Major Incident - Funnelback SaaS UK
Incident Report for Squiz
Postmortem

Summary

During routine monitoring, Squiz identified operational issues with multiple Funnelback servers, leading to search function disruptions for several customers.

Customer impact

A subset of UK Customers may have experienced delays in search results and encountered 500 errors when attempting to utilise the search function.

Issue and Resolution

Squiz engineers were alerted to errors and timeouts originating from our Squiz Funnelback services.

Subsequent investigation revealed that the search session functionality within Funnelback was causing slow or erroneous requests, leading to a build up of requests within the search query processing pipeline. Requests utilising the search session feature were subject to slow response times or termination. In turn this impacted performance and resulted in timed out searches.

In response, we isolated the specific searches and their connection behaviour to our session feature and, where needed, disabled/paused the use of this feature temporarily to allow the query processing pipeline to recover.

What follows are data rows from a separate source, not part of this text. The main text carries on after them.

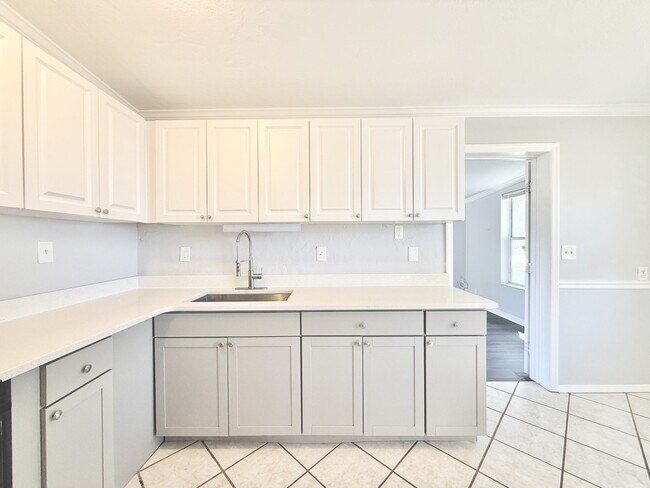 Building Photo - 7111 Onyx Dr N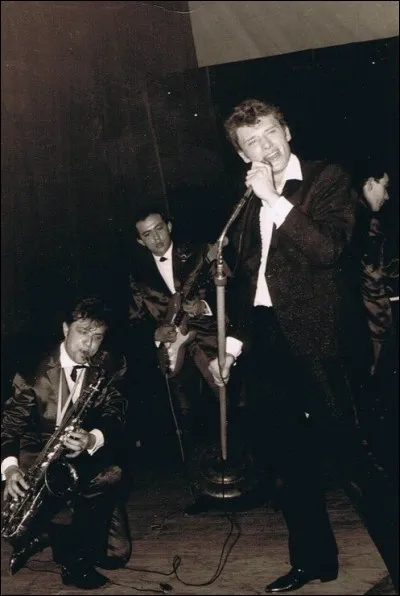 Au Palais des Sports de Paris le 24 février 1961, on organise ....autour de Johnny.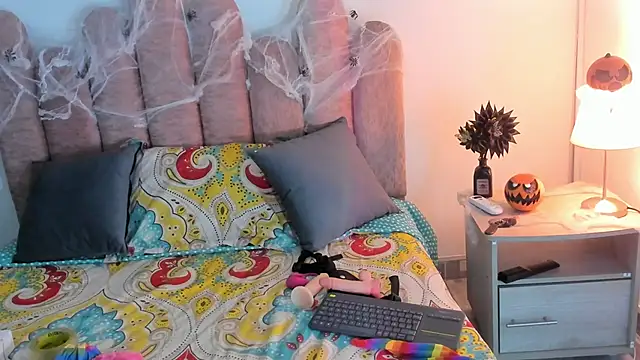 Lily666  online show from October 18, 8:20 pm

As a precautionary measure, resource allocation to the query processing pipeline was increased.

As part of our standard process we initiated a period of heightened monitoring leading to resolution on April 25th at 13:00 BST

Mitigation

In light of this incident, Squiz support staff conducted a thorough review of our UK Funnelback systems to preempt future disruptions, including the expansion of memory resources. In addition, measures have been taken to enhance processes enabling fast-tracked resolutions to similar incidents in the future.

Posted May 01, 2024 - 03:08 AEST

Resolved
We are pleased to confirm that the previously reported issue affecting the performance of our Funnelback system has been successfully resolved.
Our team closely monitored the situation, and were able to apply a fix for the issue, which led to significant improvements in performance.
We will continue to keep a watchful eye on the system to ensure optimal performance and stability. We appreciate your patience and understanding during this time and apologise for any inconvenience caused.

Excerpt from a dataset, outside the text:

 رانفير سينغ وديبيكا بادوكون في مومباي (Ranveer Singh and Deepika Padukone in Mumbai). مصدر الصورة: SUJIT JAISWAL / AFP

A post mortem will be made available on https://status.squiz.cloud/ in the coming days.
Posted Apr 25, 2024 - 22:39 AEST
Update
We are now seeing systems recovering and are continuing to monitor in case of further issues.

A post mortem for this incident will also be made available on https://status.squiz.cloud/ in the coming days.
Posted Apr 25, 2024 - 22:18 AEST
Update
We are now seeing an improvement in performance and are continuing to investigate the root cause of this issue.
Posted Apr 25, 2024 - 22:09 AEST
Update
Our engineers continue to address the issue and apply fixes where possible to improve service performance.
Posted Apr 25, 2024 - 21:55 AEST
Update
We are continuing to work on an effective fix for this issue.
Posted Apr 25, 2024 - 21:34 AEST
Update
The problem is receiving our full attention as our engineers work to improve service performance through applied fixes.
Posted Apr 25, 2024 - 21:13 AEST
Update
Our engineering team is actively engaged in resolving the issue and applying fixes to boost service performance.
Posted Apr 25, 2024 - 20:48 AEST
Update
The problem is receiving our full attention as our engineers continue to work on improving service performance through applied fixes.
Posted Apr 25, 2024 - 20:28 AEST
Update
We are continuing to work on an effective fix for this issue.
Posted Apr 25, 2024 - 20:04 AEST
Update
Our engineers continue to address the issue and apply fixes where possible to improve service performance.
Posted Apr 25, 2024 - 19:42 AEST
Update
Our fix resulted in initial performance improvements, however we are still seeing a performance degradation.
Our teams continue to work on a full resolution.
Posted Apr 25, 2024 - 19:20 AEST
Monitoring
Our engineers have identified the likely cause of the incident and have implemented an appropriate fix.
We are now testing and monitoring search performance, and have started to see signs of recovery.
Posted Apr 25, 2024 - 19:08 AEST
Update
We are currently experiencing a degradation impacting Funnelback and continue to investigate the situation.
We have announced a major Incident and have multiple teams engaged in resolution.
Posted Apr 25, 2024 - 18:45 AEST
Update
We are continuing to investigate this issue.
Posted Apr 25, 2024 - 18:11 AEST
Investigating
Squiz monitoring has detected a degradation of service in our Funnelback Pods

Squiz is working hard to investigate the route cause of the issue and will provide further updates via https://status.squiz.cloud in 15 minutes, or earlier if the situation or information changes.
Posted Apr 25, 2024 - 17:59 AEST
This incident affected: Squiz SaaS Hosted Instances and Squiz Funnelback Hosted Instances.